What kind of sound are you aiming for when it comes to "sound in space"?
The player’s ship is at this point both the main character and scenario in the game, so my goal is to have it generate a rich soundscape on its own: the hums and chatter from the electronic equipment (think Nostromo starting up), the whirl of the air conditioner, the resonances of the weapons in the cockpit... there’s a myriad of elements that we can work within this inner space, all of which can be reactive to meaningful parameters to the point that an experienced pilot should know the state of the spaceship just by listening to it.
When it comes to outer space, my approach is to gather meaningful information and bring it into the cockpit via sound, if the pilot cannot naturally hear it. We have a device in the spaceship that could potentially simulate an entire aerial battlefield (delivered via earplugs or bone conduction), but what it actually recreates, and how, is entirely up to us. The question is then really a matter of design: does the pilot-player need to hear explosions? Do we represent all the explosions or only those within a certain distance and radius from the player’s point of view? Should they sound airborne-like, etc.

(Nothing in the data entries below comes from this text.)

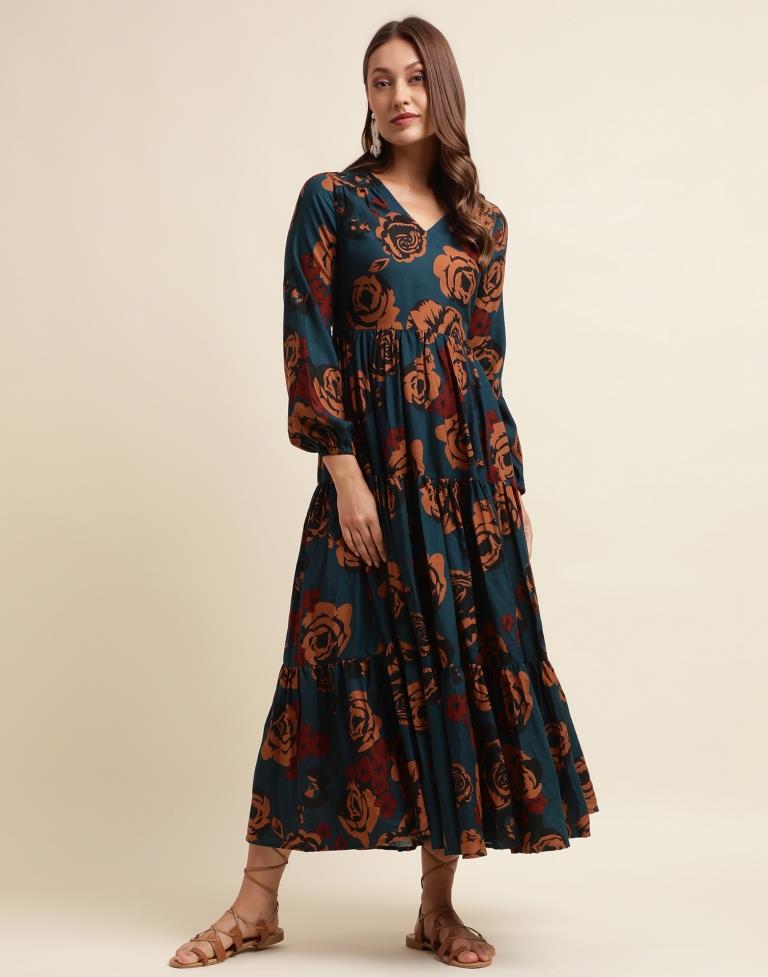 Navy Blue Printed Flared Dress | Sudathi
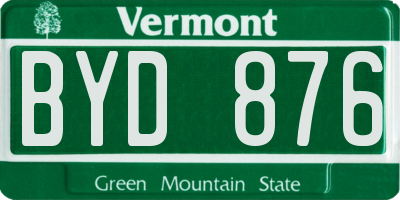 VT license plate BYD876
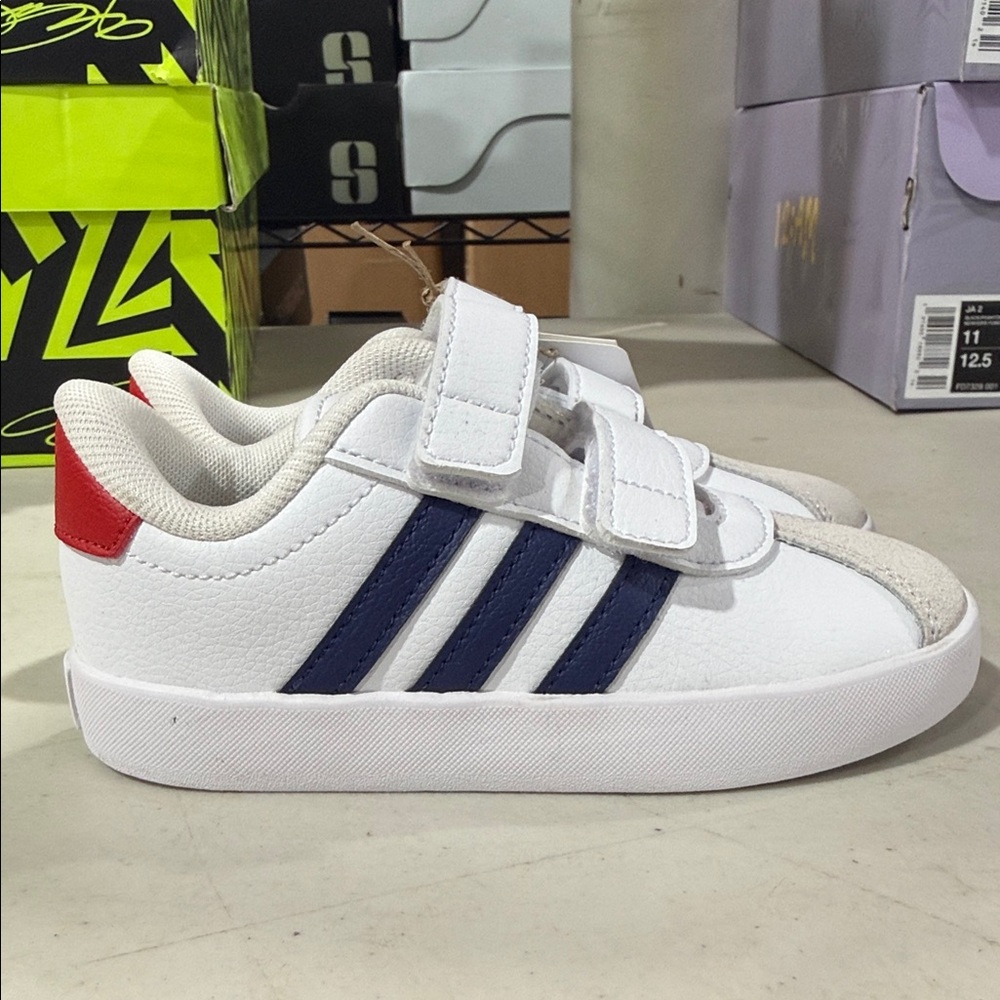 Kids White and Blue Sneakers with Red Accents - Picture 1 of 5
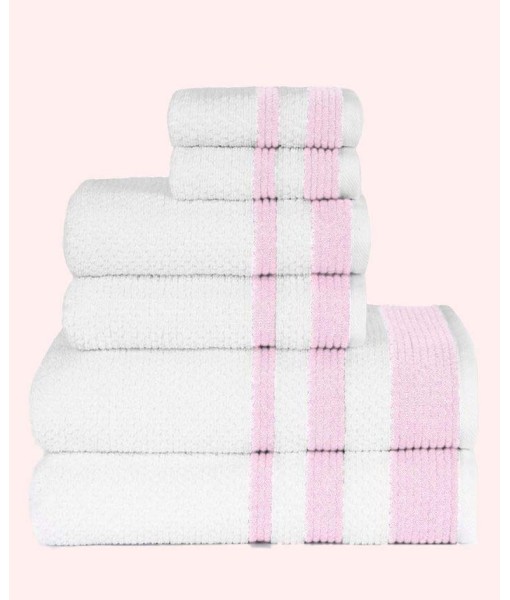 Sapphire Resort Caycee Textured Vintage Border Ensemble 6 Piece Towel Set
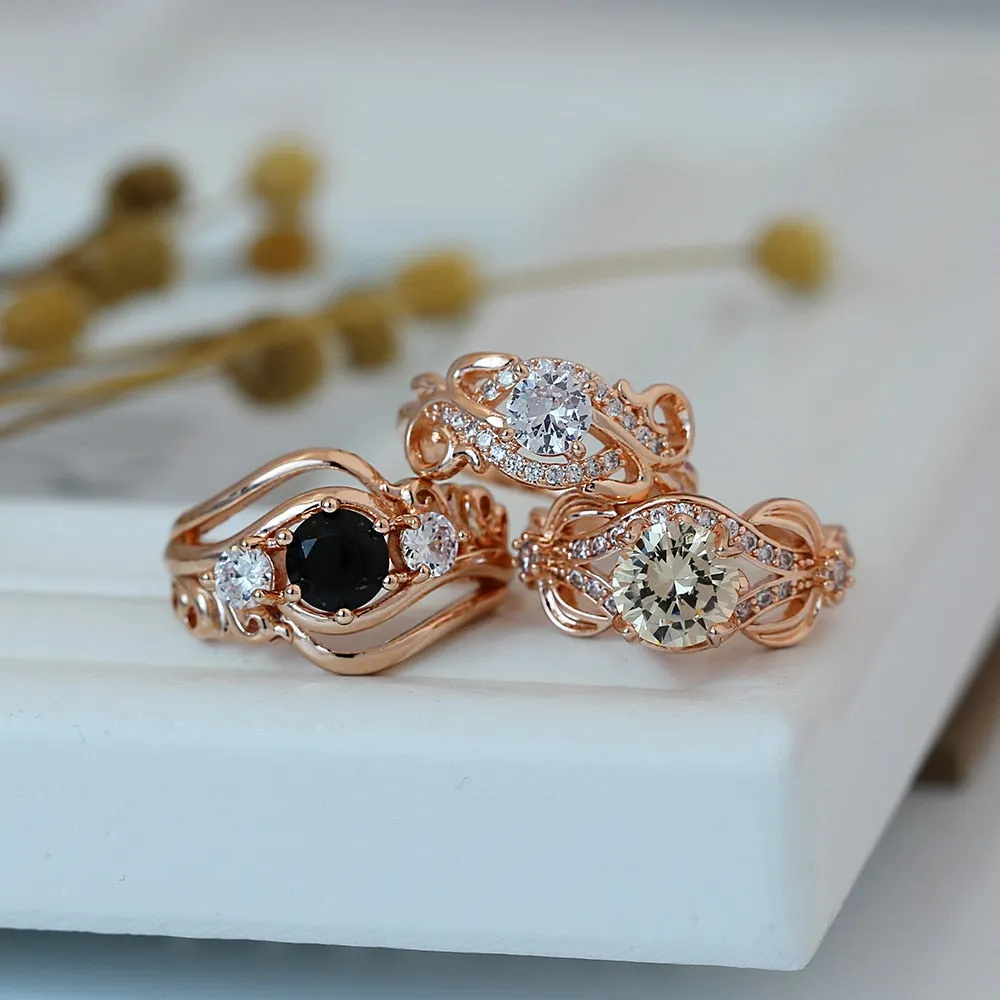Engagement Jewelry Luxury Rose Gold Flower Cubic Zircon Solitaire Ring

In addition to the “sound HUD”, the spaceships will include a different device, a radio of sorts, rudimentary but dependable, that plays through a speaker in the cockpit and passively tunes to radio frequencies, say that of a “nearby” pulsar or the engine of a spaceship passing by; in case of general interface malfunction, the radio might very well be the only source of information on the outside world.

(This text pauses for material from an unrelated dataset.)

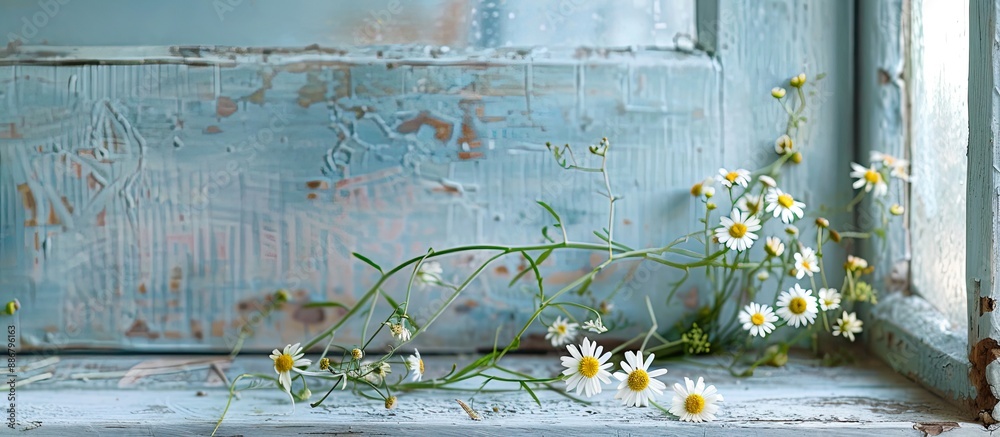 Poster A bunch of daisies and bindweed displayed on a vintage windowsill with copy space image.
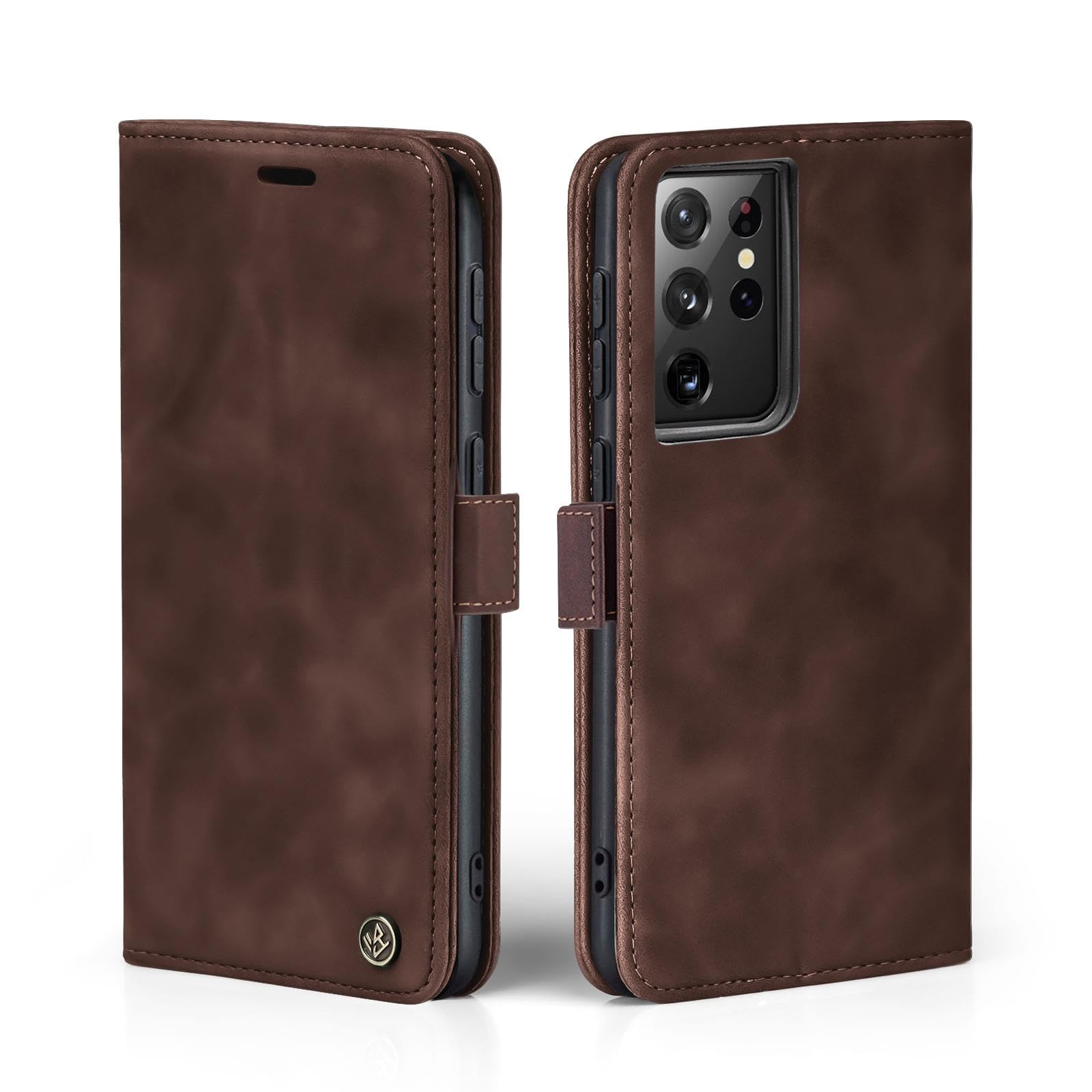 LBH Handyhülle für Samsung Galaxy S21 Ultra 5G – Dunkelbraun, Karten- und Geldfach, Standfunktion, Magnetverschluss, Vintage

Finally, when an atmosphere is present, airborne sounds will come into the mix, and the pilot will for instance hear a nearby explosion, enhanced by a deep submarine-like HUD boom, and punctuated by a little crackle on the radio, each of those elements contributing to the feedback.
It is important to stress that both radio and HUD are real devices, so they can malfunction or be damaged, and replaced by better models with different capabilities (both) or sound sets (HUD). The pilot should have some degree of control over them, from within the ship’s interface –a volume slider, a sound HUD checklist to activate or deactivate types of data sonified. More so, since both HUD and radio can be muted, it is possible to just drift along listening to the sounds that truly belong to the inner space, and nothing else.